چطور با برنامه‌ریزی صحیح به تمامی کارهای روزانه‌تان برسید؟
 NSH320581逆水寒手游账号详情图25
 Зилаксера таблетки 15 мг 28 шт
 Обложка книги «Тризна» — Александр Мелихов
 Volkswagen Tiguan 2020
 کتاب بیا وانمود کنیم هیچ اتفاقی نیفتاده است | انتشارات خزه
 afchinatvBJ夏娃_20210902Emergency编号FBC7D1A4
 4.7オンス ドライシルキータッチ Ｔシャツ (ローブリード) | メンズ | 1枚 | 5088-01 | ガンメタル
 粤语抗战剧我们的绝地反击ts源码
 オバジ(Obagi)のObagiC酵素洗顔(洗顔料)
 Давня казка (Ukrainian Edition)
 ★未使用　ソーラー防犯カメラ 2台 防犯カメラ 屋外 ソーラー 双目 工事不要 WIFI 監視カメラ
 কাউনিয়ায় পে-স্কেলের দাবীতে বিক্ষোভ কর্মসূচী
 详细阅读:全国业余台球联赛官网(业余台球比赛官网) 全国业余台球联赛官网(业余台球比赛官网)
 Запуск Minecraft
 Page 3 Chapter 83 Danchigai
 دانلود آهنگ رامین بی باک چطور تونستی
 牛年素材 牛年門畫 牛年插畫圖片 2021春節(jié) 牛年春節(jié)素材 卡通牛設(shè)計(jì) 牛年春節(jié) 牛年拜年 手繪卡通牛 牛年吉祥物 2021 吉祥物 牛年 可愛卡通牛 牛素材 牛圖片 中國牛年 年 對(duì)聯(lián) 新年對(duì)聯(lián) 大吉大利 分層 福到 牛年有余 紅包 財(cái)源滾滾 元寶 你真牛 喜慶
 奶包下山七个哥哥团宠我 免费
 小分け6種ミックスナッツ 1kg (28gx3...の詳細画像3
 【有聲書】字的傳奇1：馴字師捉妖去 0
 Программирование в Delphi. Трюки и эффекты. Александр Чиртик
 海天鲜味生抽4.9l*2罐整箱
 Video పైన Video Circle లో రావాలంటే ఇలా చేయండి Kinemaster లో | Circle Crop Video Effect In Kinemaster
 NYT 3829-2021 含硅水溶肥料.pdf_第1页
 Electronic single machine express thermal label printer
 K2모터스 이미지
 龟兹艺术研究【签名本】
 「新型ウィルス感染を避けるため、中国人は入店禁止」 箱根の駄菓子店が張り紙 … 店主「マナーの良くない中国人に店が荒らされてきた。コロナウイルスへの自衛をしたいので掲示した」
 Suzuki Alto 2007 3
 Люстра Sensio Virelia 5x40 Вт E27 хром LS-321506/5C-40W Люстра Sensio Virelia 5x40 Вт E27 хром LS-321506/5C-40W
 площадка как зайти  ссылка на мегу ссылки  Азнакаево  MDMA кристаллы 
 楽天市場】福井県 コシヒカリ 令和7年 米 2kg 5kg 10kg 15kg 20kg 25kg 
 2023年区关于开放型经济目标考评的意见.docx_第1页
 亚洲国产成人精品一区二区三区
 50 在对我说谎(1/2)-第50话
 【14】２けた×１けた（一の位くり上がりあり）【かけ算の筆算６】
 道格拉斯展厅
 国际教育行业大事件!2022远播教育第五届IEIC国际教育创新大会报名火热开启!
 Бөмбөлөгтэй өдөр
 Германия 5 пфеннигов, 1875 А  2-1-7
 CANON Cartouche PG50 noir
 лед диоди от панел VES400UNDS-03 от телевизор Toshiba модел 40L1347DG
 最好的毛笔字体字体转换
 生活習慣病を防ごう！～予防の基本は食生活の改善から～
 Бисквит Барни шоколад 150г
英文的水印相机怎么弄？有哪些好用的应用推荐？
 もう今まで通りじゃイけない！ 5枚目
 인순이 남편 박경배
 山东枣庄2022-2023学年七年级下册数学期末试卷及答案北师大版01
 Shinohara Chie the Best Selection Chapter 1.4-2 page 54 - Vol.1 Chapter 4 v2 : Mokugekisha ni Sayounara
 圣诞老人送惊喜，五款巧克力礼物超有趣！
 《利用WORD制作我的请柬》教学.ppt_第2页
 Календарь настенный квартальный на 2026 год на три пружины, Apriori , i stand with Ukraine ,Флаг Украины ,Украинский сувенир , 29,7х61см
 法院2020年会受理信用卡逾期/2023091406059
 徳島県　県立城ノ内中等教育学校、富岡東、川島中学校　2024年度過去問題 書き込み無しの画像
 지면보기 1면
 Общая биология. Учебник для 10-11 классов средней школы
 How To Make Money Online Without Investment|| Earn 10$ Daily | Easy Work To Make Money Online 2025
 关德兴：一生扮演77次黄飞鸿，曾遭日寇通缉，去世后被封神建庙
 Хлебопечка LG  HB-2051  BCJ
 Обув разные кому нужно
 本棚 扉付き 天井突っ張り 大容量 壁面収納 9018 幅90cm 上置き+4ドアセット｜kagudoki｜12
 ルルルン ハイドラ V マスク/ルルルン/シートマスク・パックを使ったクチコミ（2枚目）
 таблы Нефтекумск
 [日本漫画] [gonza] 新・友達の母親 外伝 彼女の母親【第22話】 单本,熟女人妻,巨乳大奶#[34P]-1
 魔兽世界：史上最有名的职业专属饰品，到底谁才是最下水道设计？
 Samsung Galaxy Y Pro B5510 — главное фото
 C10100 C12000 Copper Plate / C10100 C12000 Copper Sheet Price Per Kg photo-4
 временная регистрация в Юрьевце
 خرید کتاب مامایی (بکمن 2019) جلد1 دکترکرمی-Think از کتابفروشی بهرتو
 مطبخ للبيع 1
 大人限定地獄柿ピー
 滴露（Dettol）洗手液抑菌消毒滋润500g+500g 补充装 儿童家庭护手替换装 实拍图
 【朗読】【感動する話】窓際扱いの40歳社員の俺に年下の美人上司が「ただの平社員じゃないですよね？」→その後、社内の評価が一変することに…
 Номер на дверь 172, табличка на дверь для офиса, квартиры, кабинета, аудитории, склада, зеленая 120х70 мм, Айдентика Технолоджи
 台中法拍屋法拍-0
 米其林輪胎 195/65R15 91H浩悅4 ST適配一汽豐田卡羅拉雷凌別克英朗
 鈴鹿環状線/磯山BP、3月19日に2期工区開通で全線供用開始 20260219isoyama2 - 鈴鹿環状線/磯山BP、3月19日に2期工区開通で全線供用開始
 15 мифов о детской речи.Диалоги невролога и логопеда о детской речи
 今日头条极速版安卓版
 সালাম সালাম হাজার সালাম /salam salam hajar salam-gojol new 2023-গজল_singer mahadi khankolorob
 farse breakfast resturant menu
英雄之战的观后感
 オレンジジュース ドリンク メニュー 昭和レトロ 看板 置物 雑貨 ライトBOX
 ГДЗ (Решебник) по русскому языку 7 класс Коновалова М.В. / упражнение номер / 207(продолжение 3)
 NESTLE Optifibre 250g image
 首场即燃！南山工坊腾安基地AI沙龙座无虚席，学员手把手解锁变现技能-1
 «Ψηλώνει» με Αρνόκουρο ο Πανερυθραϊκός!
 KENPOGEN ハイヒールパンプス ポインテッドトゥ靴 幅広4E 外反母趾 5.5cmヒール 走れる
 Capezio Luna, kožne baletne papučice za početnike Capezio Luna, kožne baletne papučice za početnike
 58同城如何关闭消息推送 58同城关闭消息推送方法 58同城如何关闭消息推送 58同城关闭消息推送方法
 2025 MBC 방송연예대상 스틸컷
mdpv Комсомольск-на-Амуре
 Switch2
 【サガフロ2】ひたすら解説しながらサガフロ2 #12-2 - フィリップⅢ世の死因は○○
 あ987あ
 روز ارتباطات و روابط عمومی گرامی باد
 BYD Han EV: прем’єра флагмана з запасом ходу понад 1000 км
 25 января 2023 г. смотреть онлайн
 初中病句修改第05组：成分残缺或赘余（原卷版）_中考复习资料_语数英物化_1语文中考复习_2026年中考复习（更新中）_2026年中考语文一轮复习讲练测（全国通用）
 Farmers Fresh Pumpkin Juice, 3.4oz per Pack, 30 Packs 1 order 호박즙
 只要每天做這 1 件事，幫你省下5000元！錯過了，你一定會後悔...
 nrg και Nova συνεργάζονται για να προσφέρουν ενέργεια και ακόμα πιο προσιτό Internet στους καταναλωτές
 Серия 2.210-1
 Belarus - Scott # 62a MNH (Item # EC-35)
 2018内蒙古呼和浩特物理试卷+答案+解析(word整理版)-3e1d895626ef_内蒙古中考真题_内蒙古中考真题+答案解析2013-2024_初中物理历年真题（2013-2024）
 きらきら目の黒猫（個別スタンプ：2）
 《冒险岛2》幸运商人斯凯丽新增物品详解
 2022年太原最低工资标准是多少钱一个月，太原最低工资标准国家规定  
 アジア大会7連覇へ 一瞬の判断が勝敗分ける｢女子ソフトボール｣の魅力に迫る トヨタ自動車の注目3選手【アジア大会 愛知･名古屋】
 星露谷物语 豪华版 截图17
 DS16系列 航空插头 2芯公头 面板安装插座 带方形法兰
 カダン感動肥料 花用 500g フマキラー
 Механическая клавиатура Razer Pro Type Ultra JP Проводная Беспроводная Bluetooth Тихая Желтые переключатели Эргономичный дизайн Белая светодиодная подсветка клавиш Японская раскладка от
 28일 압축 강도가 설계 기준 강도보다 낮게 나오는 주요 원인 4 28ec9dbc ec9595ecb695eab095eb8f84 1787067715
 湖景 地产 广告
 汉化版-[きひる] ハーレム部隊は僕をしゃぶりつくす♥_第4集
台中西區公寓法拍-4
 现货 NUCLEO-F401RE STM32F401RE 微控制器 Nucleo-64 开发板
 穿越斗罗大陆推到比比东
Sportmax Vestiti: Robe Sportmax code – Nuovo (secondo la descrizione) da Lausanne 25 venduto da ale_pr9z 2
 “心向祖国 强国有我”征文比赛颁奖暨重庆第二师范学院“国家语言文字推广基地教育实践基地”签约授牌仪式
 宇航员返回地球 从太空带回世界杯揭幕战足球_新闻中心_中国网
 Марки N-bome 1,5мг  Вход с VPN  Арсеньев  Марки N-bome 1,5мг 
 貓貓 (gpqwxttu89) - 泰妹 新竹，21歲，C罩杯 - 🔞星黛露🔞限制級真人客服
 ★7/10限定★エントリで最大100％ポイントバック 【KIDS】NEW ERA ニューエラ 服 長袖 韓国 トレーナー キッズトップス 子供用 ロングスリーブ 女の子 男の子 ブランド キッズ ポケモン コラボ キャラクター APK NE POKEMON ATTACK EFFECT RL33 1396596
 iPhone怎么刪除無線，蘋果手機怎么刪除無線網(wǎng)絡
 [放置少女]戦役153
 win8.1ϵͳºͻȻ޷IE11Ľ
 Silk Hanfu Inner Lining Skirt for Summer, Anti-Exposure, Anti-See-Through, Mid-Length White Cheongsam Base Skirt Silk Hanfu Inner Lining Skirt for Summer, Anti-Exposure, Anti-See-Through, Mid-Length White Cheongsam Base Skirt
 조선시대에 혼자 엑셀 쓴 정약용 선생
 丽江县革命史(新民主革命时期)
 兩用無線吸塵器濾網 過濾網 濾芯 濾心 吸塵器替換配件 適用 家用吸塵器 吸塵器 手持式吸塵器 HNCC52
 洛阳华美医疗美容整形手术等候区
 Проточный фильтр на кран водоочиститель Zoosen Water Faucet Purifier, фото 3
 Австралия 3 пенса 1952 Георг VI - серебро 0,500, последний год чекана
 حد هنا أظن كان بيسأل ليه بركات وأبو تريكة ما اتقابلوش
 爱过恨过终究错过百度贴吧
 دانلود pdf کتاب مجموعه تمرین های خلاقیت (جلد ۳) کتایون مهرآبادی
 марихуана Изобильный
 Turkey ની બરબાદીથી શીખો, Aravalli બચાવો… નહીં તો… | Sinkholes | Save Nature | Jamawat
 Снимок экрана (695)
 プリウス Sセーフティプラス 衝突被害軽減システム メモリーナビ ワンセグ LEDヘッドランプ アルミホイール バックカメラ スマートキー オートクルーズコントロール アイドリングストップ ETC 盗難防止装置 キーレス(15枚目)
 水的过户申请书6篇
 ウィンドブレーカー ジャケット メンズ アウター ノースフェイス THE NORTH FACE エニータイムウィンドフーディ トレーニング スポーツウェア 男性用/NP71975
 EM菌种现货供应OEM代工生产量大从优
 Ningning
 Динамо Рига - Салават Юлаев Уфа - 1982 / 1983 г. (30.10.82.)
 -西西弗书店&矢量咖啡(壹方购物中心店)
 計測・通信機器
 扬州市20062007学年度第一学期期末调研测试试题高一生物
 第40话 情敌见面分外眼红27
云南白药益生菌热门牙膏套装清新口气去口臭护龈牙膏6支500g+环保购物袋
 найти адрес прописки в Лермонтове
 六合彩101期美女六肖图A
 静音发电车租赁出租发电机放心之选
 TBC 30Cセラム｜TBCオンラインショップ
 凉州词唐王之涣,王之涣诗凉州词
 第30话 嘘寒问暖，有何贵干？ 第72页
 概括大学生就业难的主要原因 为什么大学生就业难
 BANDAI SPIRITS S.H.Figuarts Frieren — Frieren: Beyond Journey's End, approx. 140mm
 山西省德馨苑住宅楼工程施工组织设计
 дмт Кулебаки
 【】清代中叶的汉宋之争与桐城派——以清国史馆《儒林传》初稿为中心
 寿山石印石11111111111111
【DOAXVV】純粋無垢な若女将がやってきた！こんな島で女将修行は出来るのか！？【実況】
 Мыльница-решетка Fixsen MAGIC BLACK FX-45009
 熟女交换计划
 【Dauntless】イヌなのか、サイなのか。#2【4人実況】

· · · · · · ·

Write down every line of the data above that includes the string "چطور".

### REPLY TO THE TASK
چطور با برنامه‌ریزی صحیح به تمامی کارهای روزانه‌تان برسید؟
 دانلود آهنگ رامین بی باک چطور تونستی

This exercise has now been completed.